▸ Task
Starting with the line that has "Sunrise Bukit Asam" and finishing with the line that has "Jeep Compass 1.6 M-Jet Limited - 8", set down each line below exactly. Pictures are not copied.

▸ Input material
========

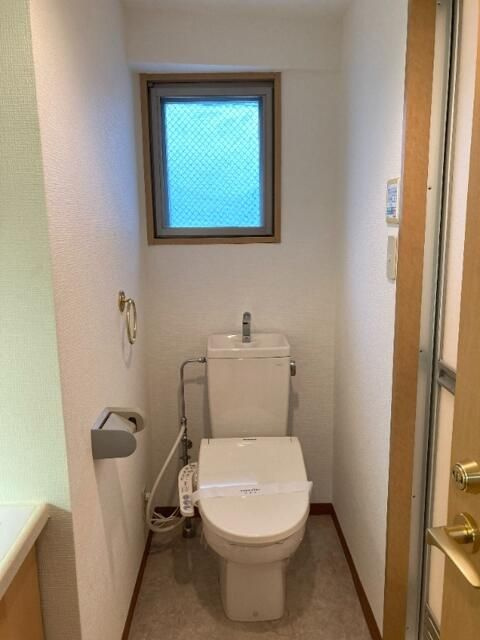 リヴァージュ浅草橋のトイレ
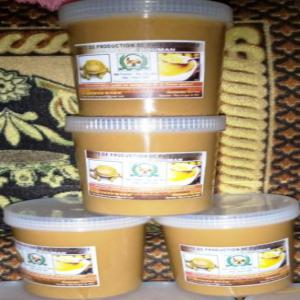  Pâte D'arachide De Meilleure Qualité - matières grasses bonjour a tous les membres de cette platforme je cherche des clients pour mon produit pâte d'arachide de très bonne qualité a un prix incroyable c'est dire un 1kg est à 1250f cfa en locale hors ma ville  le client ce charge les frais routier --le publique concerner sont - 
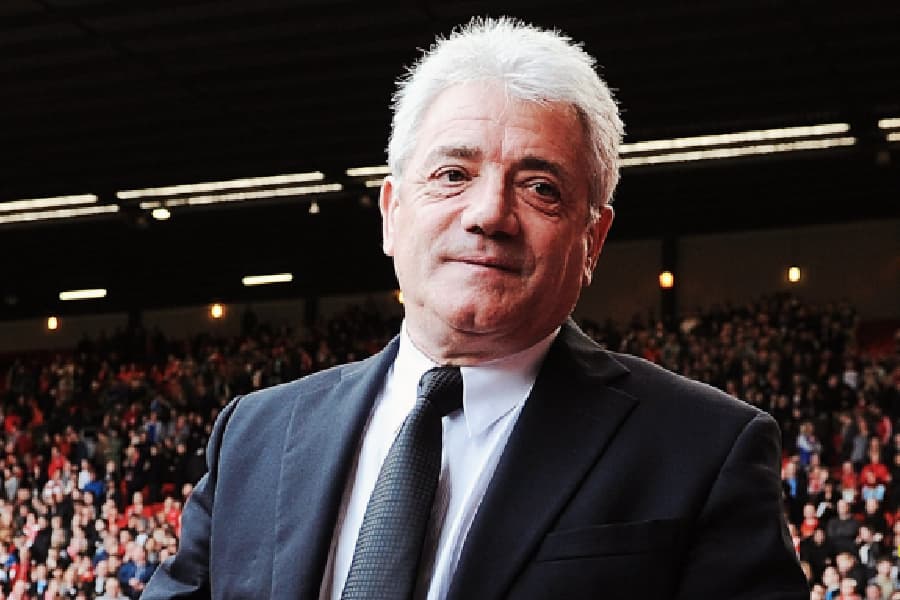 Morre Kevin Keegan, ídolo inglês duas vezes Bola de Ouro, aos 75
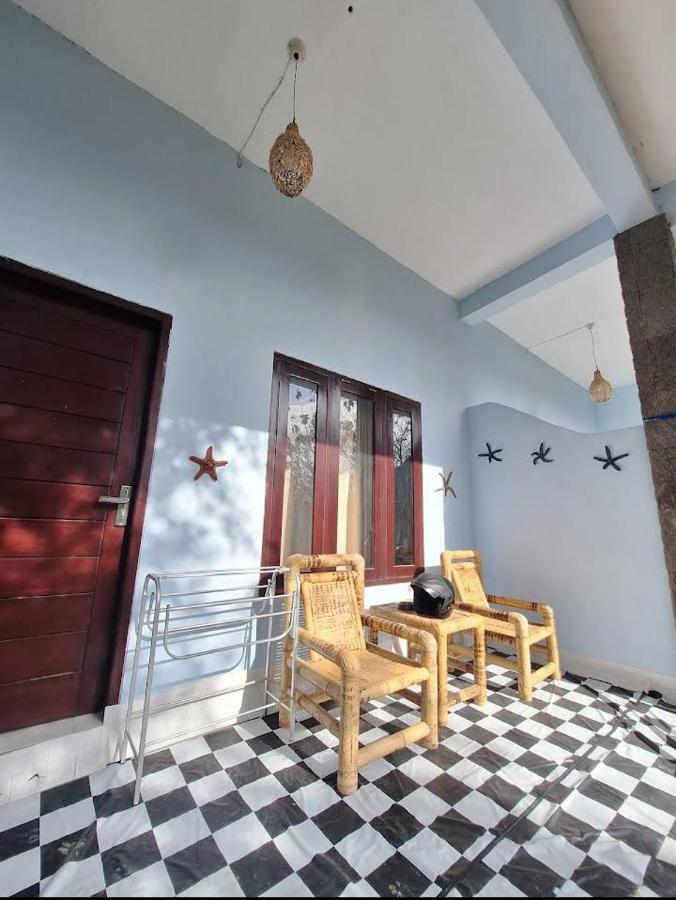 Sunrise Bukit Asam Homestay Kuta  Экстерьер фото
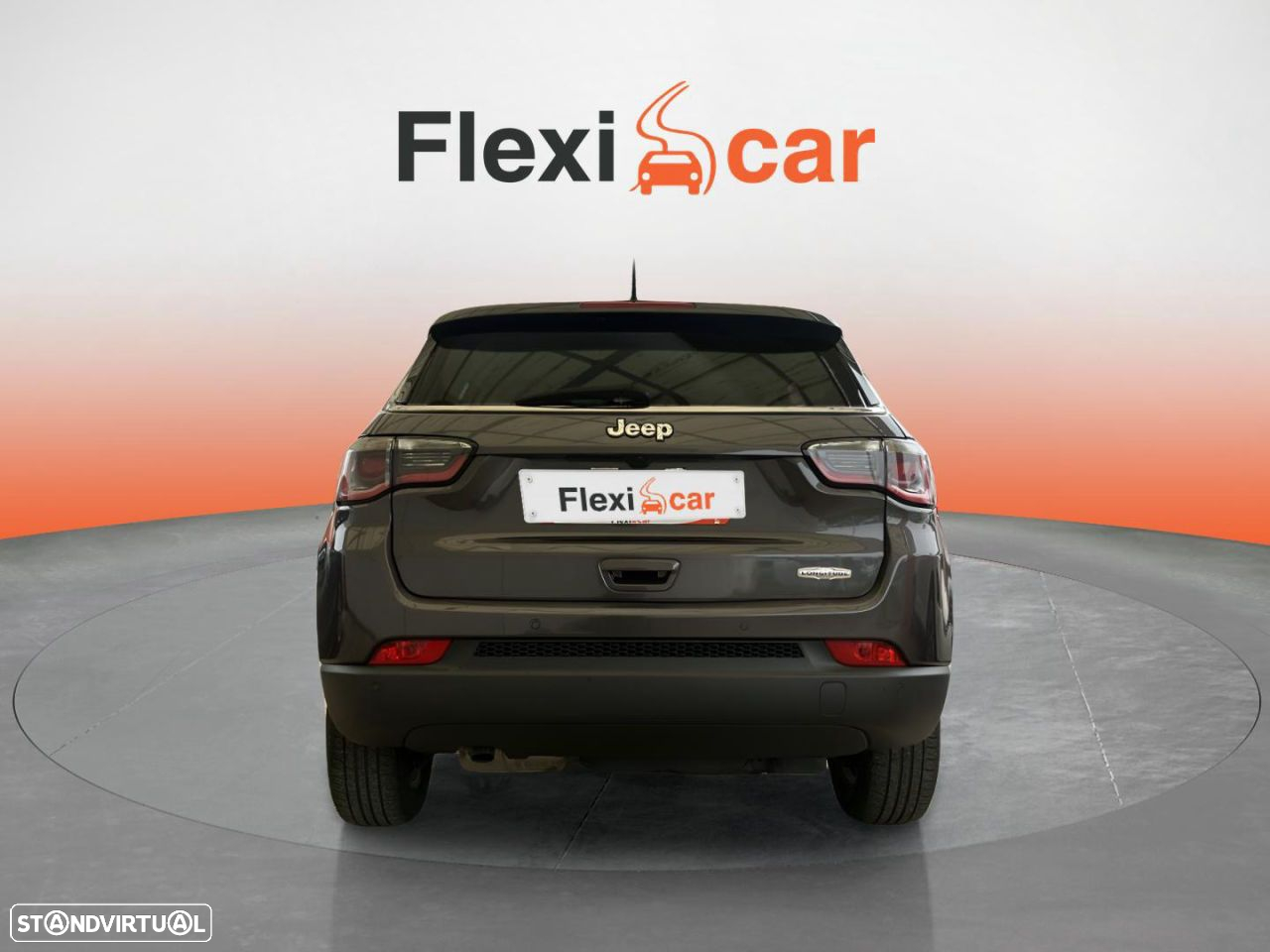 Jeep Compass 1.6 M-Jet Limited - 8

========

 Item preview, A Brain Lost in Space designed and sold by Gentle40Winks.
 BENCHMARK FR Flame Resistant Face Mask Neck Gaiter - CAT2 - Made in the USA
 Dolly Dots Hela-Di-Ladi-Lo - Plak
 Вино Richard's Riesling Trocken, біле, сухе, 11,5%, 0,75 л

========

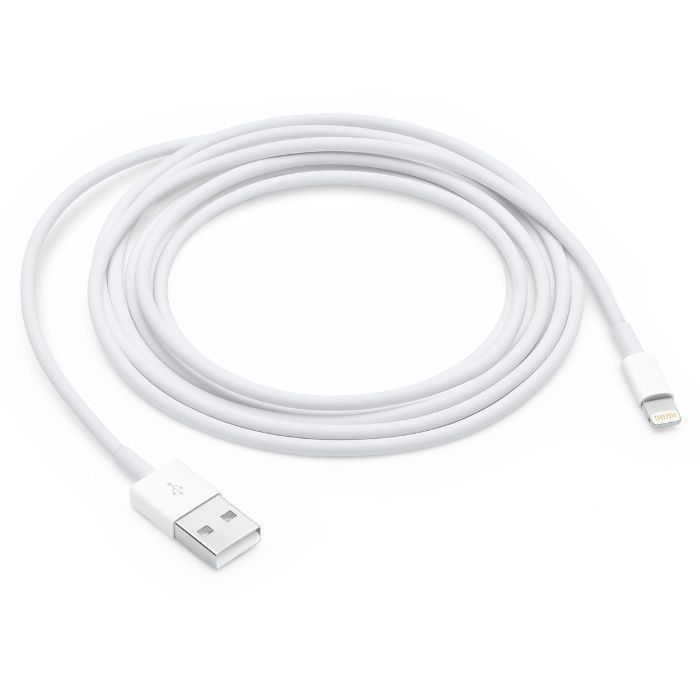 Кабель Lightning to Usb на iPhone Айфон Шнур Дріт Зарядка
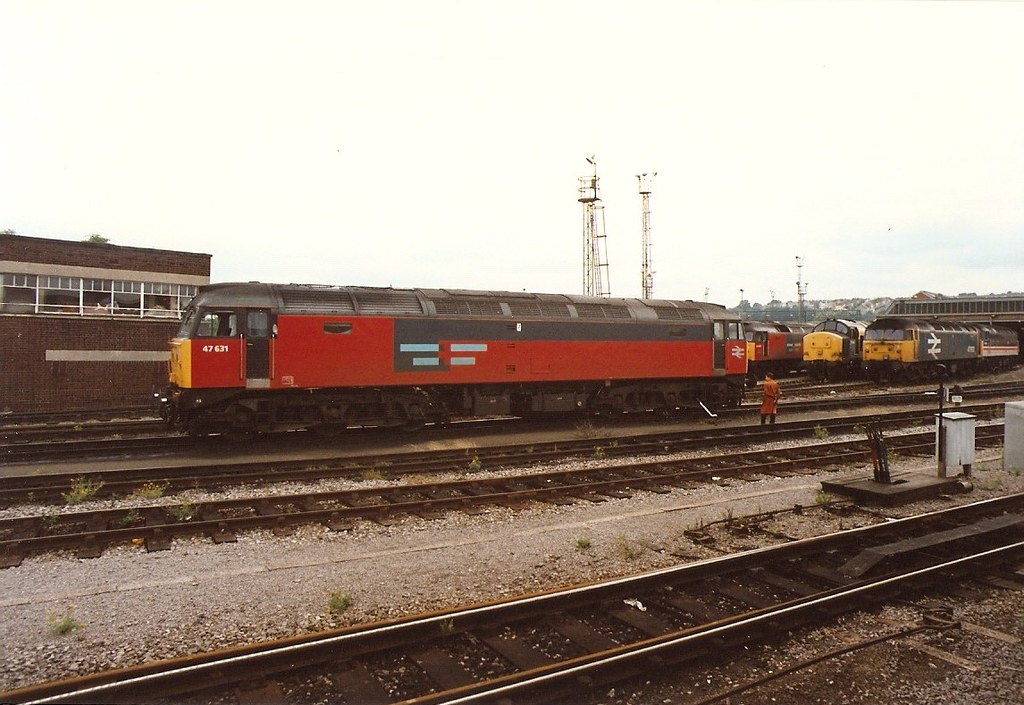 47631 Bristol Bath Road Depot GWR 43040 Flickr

========

▸ Output below
 Sunrise Bukit Asam Homestay Kuta  Экстерьер фото
 Jeep Compass 1.6 M-Jet Limited - 8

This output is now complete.